Tuesday, September 23, 2008

Top Ten Strategies for Long Term Ministry

TOP TEN STRATEGIES
FOR LONG TERM MINISTRY


A few months ago I was thinking about the future of pastoral ministry. I am aware of all the current difficulties in modern ministry. But as I continued to think about the future the question slowly formed in my mind, “What are the best strategies for maintaining a healthy ministry for the long haul?” To help me with this question I emailed a group of friends all of whom are either counselors to pastors or provide ongoing care to pastors and missionaries.

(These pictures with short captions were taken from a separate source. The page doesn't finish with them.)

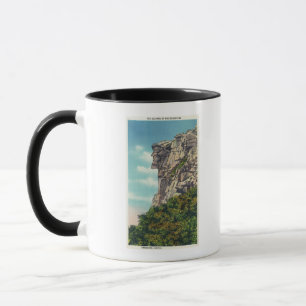 Taza Parque de estado de la muesca de Franconia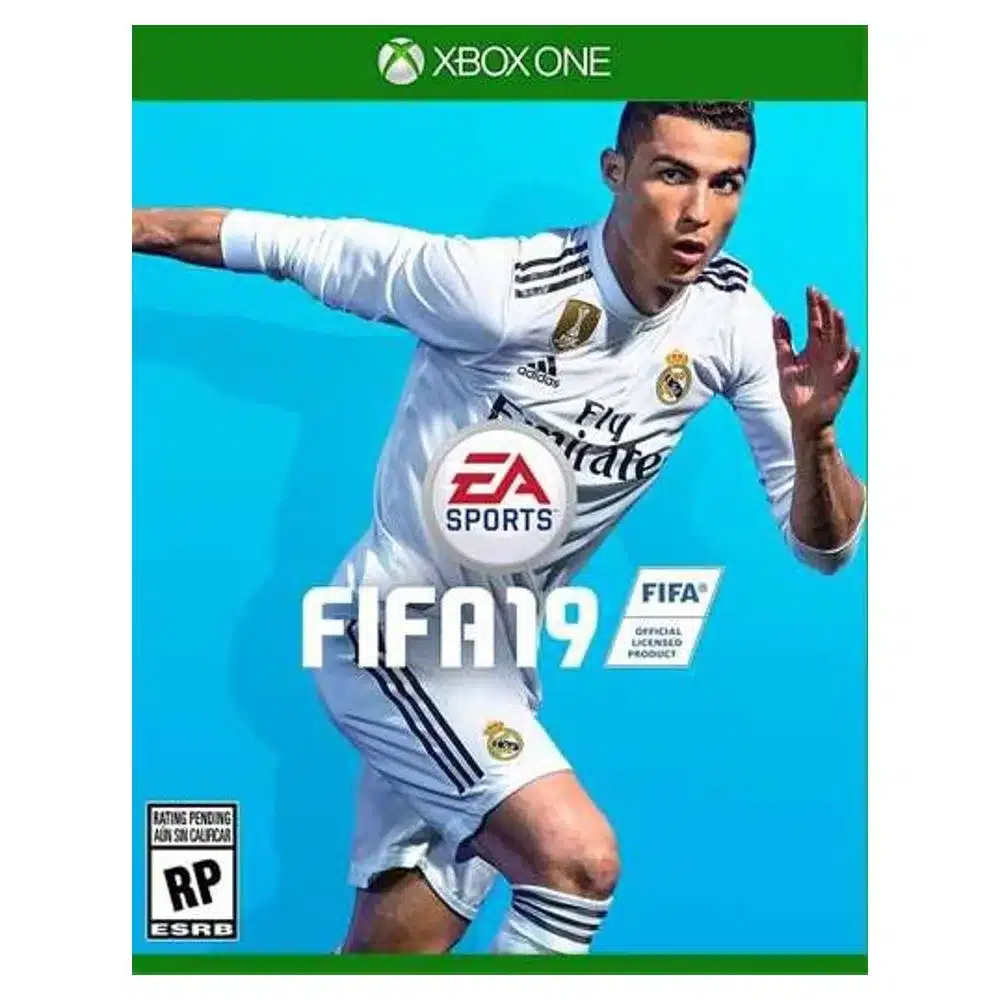 Fifa 19 Midia Digital xbox 360 - Wsgames - Jogos em Midias Digitas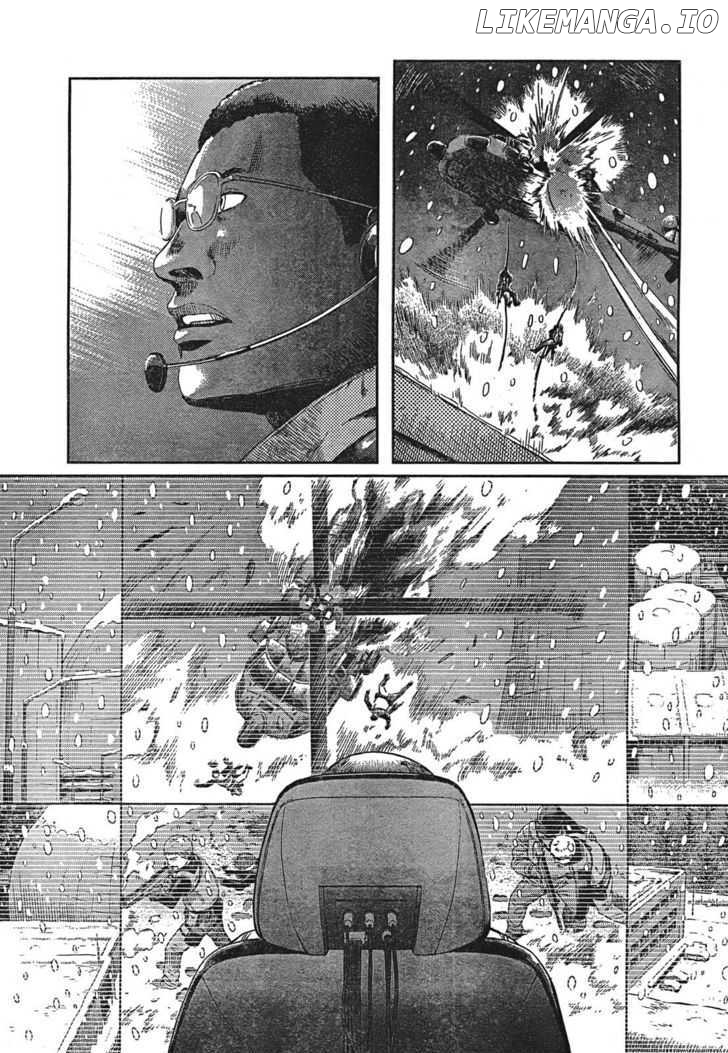 Gunslinger Girl chapter 81 - page 13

I asked them “What would you consider to be the top ten strategies a pastor could use to stay healthy in the next five to ten years?” After I received their responses I sorted and edited them into a Top Ten List of Strategies.

The list is as follows:

10. Be a servant leader of leaders in your church
9. Make People More Important than Programs
8. Have a Best Friend
7. Have a Hobby that you do on a regular basis
6. Have a Clear understanding that your Call into ministry is from God
5. Take Time in Spiritual Formation
4. Remember your self-image is who you are in Christ not what you do;
3. Take a Regular Day Off. A Sabbath Day
2. Maintain a Vibrant Marital Life
1. Maintain a Vibrant Healthy Relationship with God, Father, Son, Holy Spirit

These aren’t earth shaking new revelations. In fact they have been around for many years, and many pastors and missionaries have been doing them for a long time. But they are a clean list of things we as pastors and missionaries can do to remain emotionally, and spiritually healthy while leading a church or ministry. Some of them are self explanatory and others require a little thinking. They all require us to be intentional about doing them in a positive helpful way.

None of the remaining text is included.